I can't imagine that my nonlinear self-discovery process would have been nearly as smooth if not for the liberal arts model. My undergraduate pathway enabled and equipped me to discover and chase my real dreams.

Today's society places far too much pressure on 17- and 18-year-olds to know their major and career path as a prerequisite for selecting a college. What about students who don't yet know? What about students with multiple, complex interests? What about those of us who think we know but get it wrong?

College isn't a transaction. It's not just about your first job. It's an often complex process of self-discovery and growth. The life-changing experience we offer in the liberal arts—and especially at Ohio Wesleyan University—is more valuable and sorely needed than ever. My passion is helping more people to understand what OWU can do for them.

What college class most profoundly changed your life or your view of the world?

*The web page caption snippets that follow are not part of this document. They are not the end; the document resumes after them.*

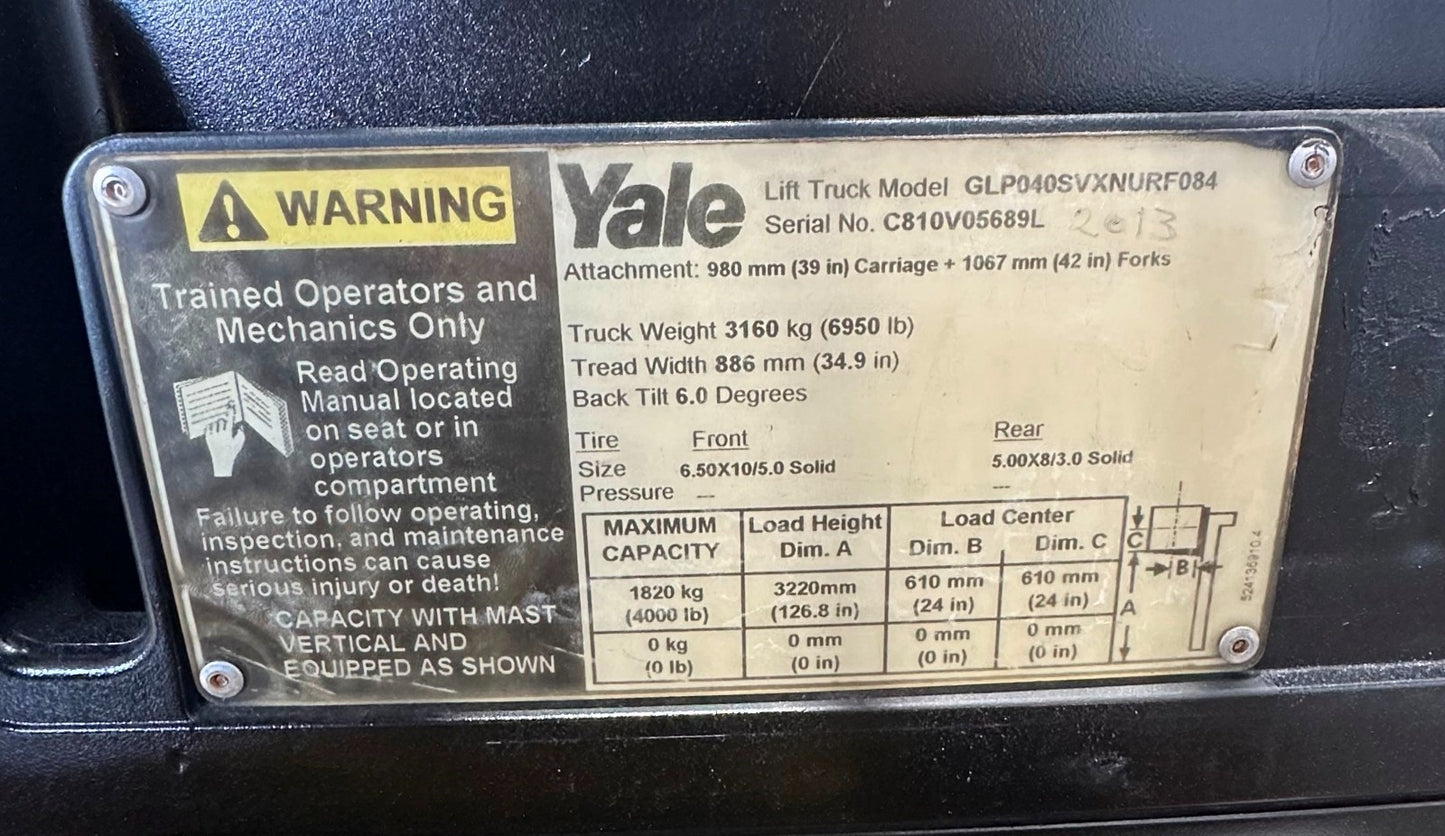8905808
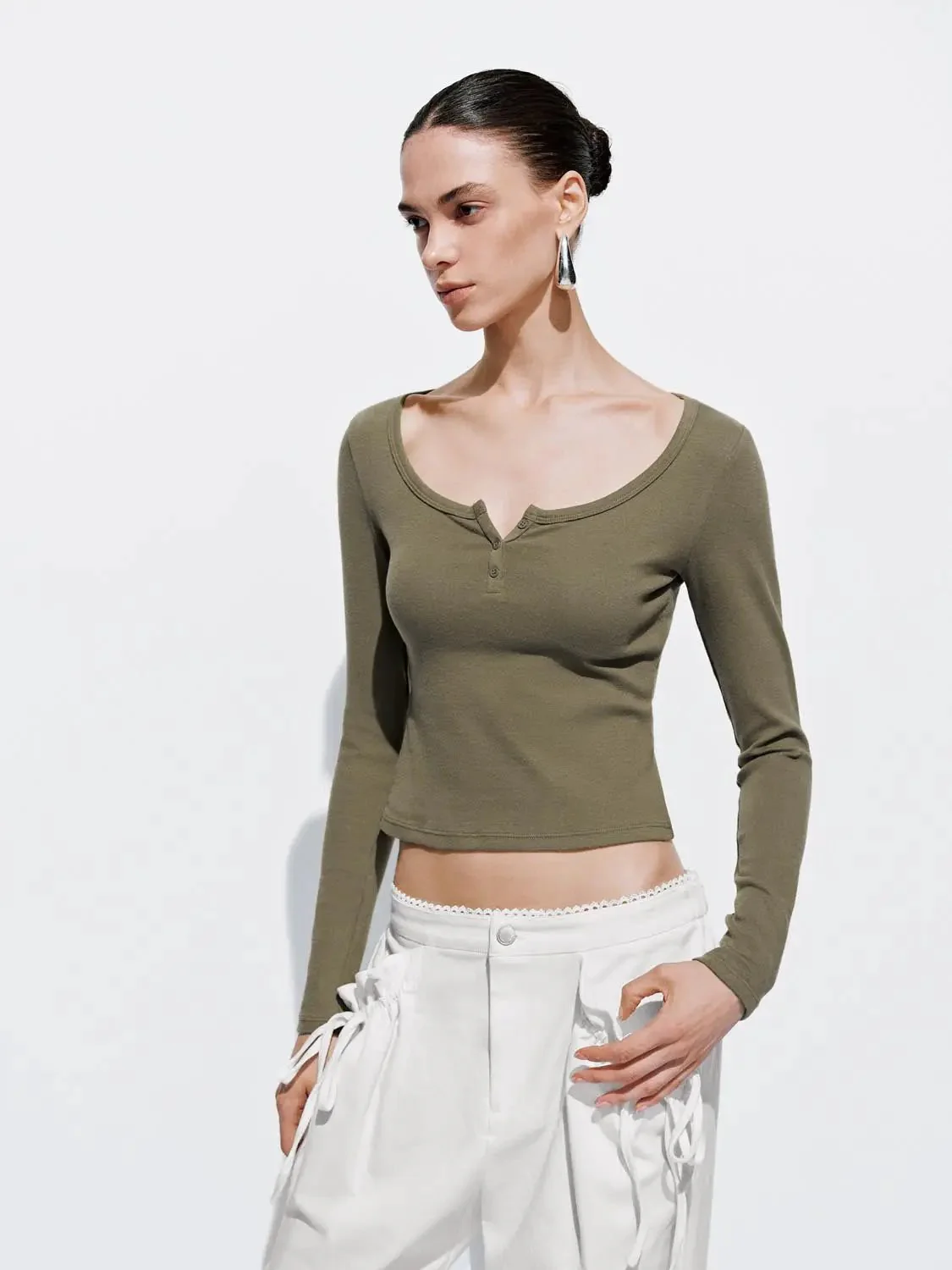 24078-cotton-blend-button-top-scoop-neck-t-shirt-10.webp Cotton Blend Button Top Scoop Neck T Shirt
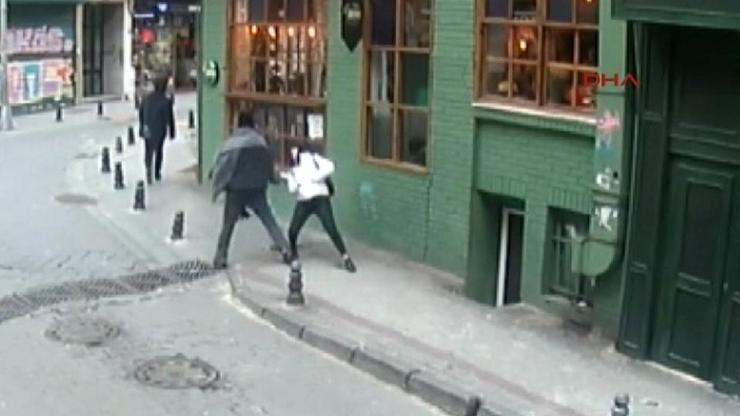 Erkek şiddeti eşik atladı: Kadıköyde yolda yürüyen liseliye saldırdı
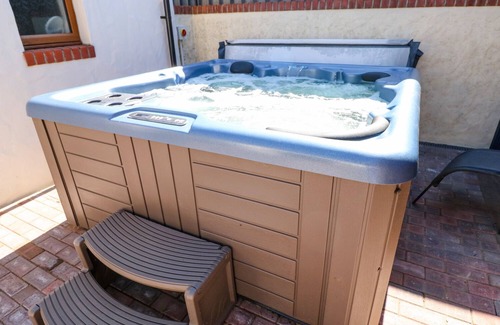 Efailwen Cottage | STABLE COTTAGE, pet friendly, with hot tub in Efailwen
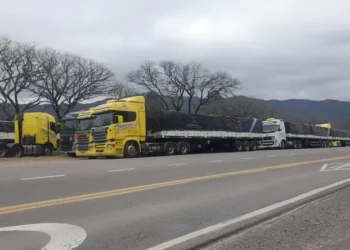 Paso de Jama: Asisten a más de 300 personas varadas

Organic chemistry. Those little structures aren't supposed to fit together, are they? Or if they are, there are many other people who can solve those problems better than I. That's OK, and now I know that. And now I know that I can contribute different gifts to society. Today, I lead an institution that's exceptionally good at helping young people to learn vital lessons like those.

What extracurricular activity?

I was the kind of student that some might call "over-involved." My love for people and meaningful work got me into a little bit of everything: drum major of the marching band, leader of the student service organization, fraternity member, resident assistant, recreational sports participant, and more.

But my most foundational extracurricular experience was participating in student government. When I was a first-year student, I took a risk, put myself out there, and ran for class president in a highly contested race. I prevailed, progressed through the ranks, and became president of the student body during my senior year. That journey taught me the importance of calculated risk-taking and the power of self-belief.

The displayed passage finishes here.